I was just sitting on the bed, feeling very lonely, and on the verge of a bona fide pity party. “Why don’t I have someone?” I asked the top of my head, which was all I could see in the mirror above a small sink. “I’m a hundred and eighteen years old. Surely I should have someone in my life by now?”

My inner voice tsked at me. “Let’s not go down the maudlin path,” I told the tsker. “I look like a normal woman in her late thirties—not pretty, but not hideous. I’m not a horrible person. I deserve someone nice. Someone interesting. Someone ...” My mind faltered, unable to bring forward the words I wanted. I wasn’t even sure what they were, since I never had been able to describe a man who fit my idea as a perfect mate.

“Fine. Pity party it is,” I said on a sigh, shaking the duvet.

A knock sounded before I had one leg inserted beneath it.

My breath stopped in my throat for a second while I stared at the door. Then suddenly, I was there, opening it, happiness filling me at the thought that Ivo had decided to visit me after all. I spoke even before I had the door fully open. “I’m so glad you—holy shitsnacks!”

The man who stood there was, indeed, Ivo, but it was an Ivo who looked like he’d been pulled through a hedge backward. Twice. After which, he was run over by a lawn mower.

“Good evening, Minerva,” he said, making a little bow that turned into a wince halfway down. He held a ragged bouquet of flowers that was mostly leaves and stems to which a few chrysanthemum flower heads clung drunkenly. He thrust them at me. “I brought you flowers as a token of my esteem. I have also composed a few lines in your honor.”

“What the hell happened to you?” I asked, my gaze moving from his face—one side of which was streaked black with what appeared to be dirt, oil, and blood—on down to his shirt. His left sleeve was torn off, exposing the side of his forearm that oozed fresh blood, also speckled with dirt. His shirt had an artistic spray of blood across that side, and the left leg of his pants appeared to have been hacked off just below the knee with a dull instrument. His left shoe was missing completely. “Are you OK?”

“I’m fine,” he said, entering the room when I backed up to let him in, my gaze moving from one injury to the next as I tried to understand what on earth could have happened in the space of an hour. He waggled a hand in a gesture of nonchalance.

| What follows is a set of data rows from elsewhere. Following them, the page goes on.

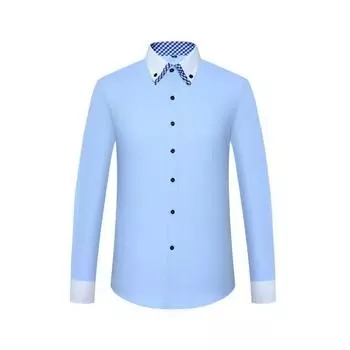 Белые, розовые, синие рубашки с длинными рукавами для мужчин. Модные корейские рубашки с лоскутными рукавами обычного кроя. Костюмы. Деловые профессиональные топы. Спецодежда. 38 белый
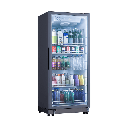 VITRINA VERTICAL 440LT CON 3 NIVELES DE TEMPERATURAS 0 ºC A -6 ºC 76X85X200CM GRIS/-INDURAMA
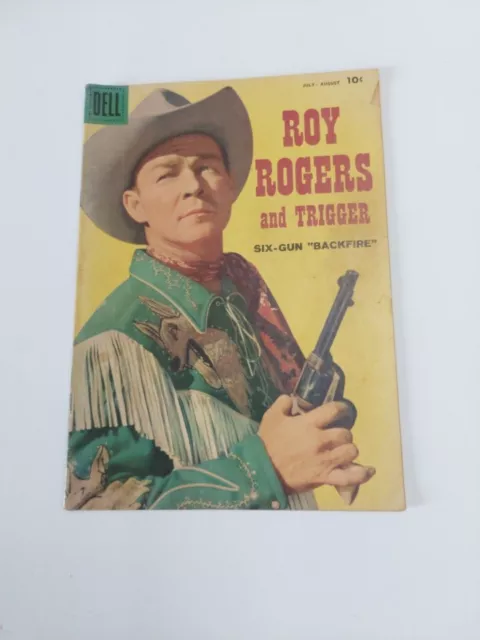 ROY ROGERS AND TRIGGER #126 1958 DELL Western Silver Age Comic photo ...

His pinkie fingernail fell off.

“There was a slight contretemps with Christian’s motorcycle,” he said, trying to scoot the fingernail aside with the foot still clad in a shoe. “It does not run in the same manner as the ones I am familiar with.”

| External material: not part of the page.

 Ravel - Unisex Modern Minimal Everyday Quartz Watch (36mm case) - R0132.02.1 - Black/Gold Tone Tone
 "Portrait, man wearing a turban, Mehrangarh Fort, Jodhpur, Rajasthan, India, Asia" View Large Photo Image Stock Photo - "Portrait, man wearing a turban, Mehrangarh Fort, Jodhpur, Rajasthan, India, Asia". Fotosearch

“Contretemps ... dude! It looks like the motorcycle ran over you a few times.”

“Well ...” He started to make another gesture, glanced at his hand, and stopped. “It did once or twice, but only because I was unfamiliar with its workings. And then my trousers were caught on some protuberance that emerged from the wheels, but later, after I extricated my left shoe from where it had become stuck, all ran well. For the most part. Until I hit a few patches of gravel. The gravel in this area is much different than French gravel I have traveled on.”

I stared at him for a few seconds, unsure if I should burst into laughter, or take care of his obvious wounds.

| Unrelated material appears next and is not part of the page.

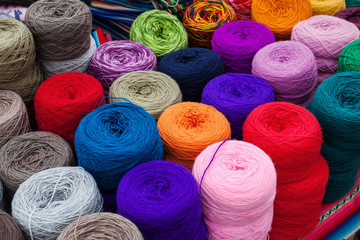 skeins of wool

Years of medical training won out. “Sit down,” I told him, moving to the sparse bathroom to wet a towel and grab the bar of soap I’d used earlier to wash my clothes.

“I would like to recite the few lines I have dedicated in your honor,” he told me, frowning when I emerged from the bathroom. “And I cannot do so sitting. What do you think you are going to do with that?”

“Tend your wounds. Sit.”

He frowned at the soap.

“Please,” I added.

He sighed, and did as I requested. “Very well, but I can assure you that I have no need of medical care. I am fully qualified as a physician.”

“So am I,” I told him, and started at his face, carefully cleaning the road rash grime off his cheek.